Exercise goal
Without the pictures, restate all of the data below word for word.

Supplied data

*** Block opens ***

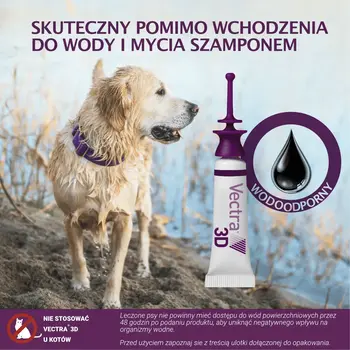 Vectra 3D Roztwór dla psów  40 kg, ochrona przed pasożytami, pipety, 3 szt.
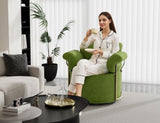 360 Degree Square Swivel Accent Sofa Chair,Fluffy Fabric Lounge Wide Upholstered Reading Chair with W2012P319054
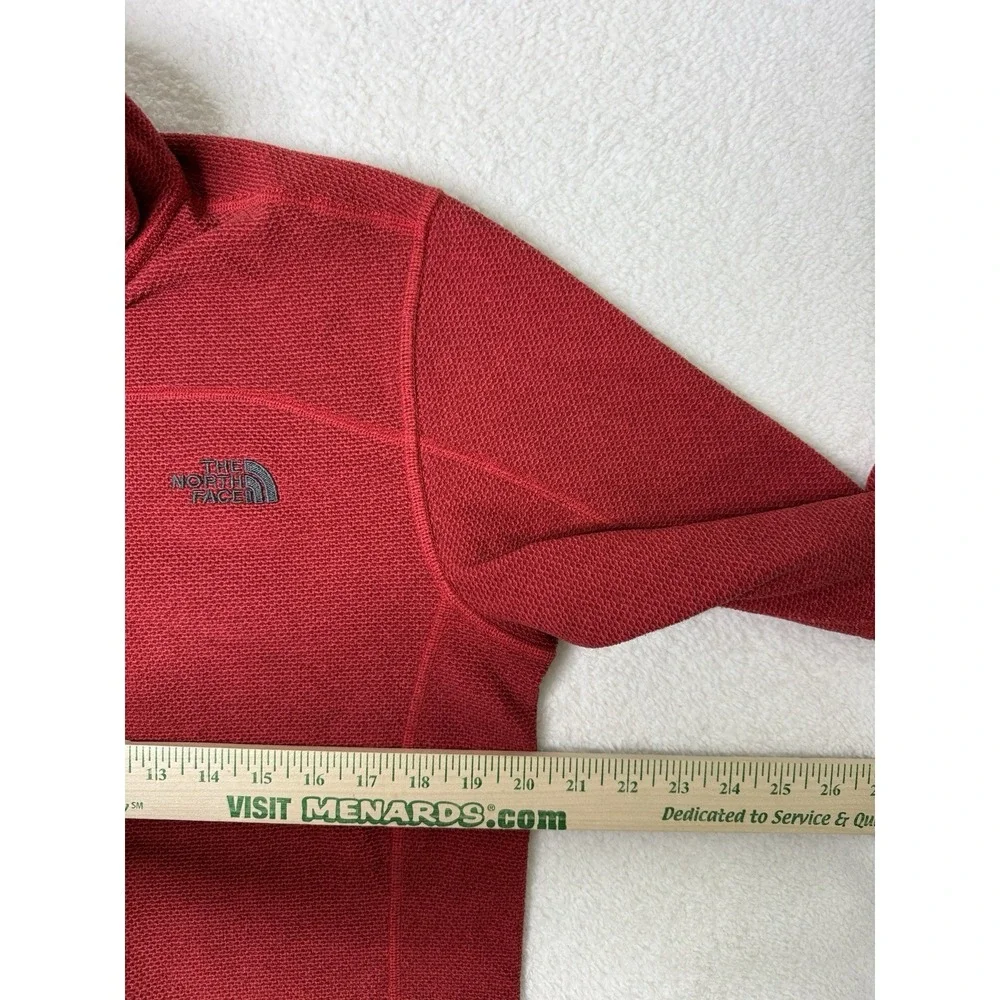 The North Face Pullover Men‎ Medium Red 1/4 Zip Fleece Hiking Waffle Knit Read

*** Block closes ***

Expected answer
 Vectra 3D Roztwór dla psów  40 kg, ochrona przed pasożytami, pipety, 3 szt.
 360 Degree Square Swivel Accent Sofa Chair,Fluffy Fabric Lounge Wide Upholstered Reading Chair with W2012P319054
 The North Face Pullover Men‎ Medium Red 1/4 Zip Fleece Hiking Waffle Knit Read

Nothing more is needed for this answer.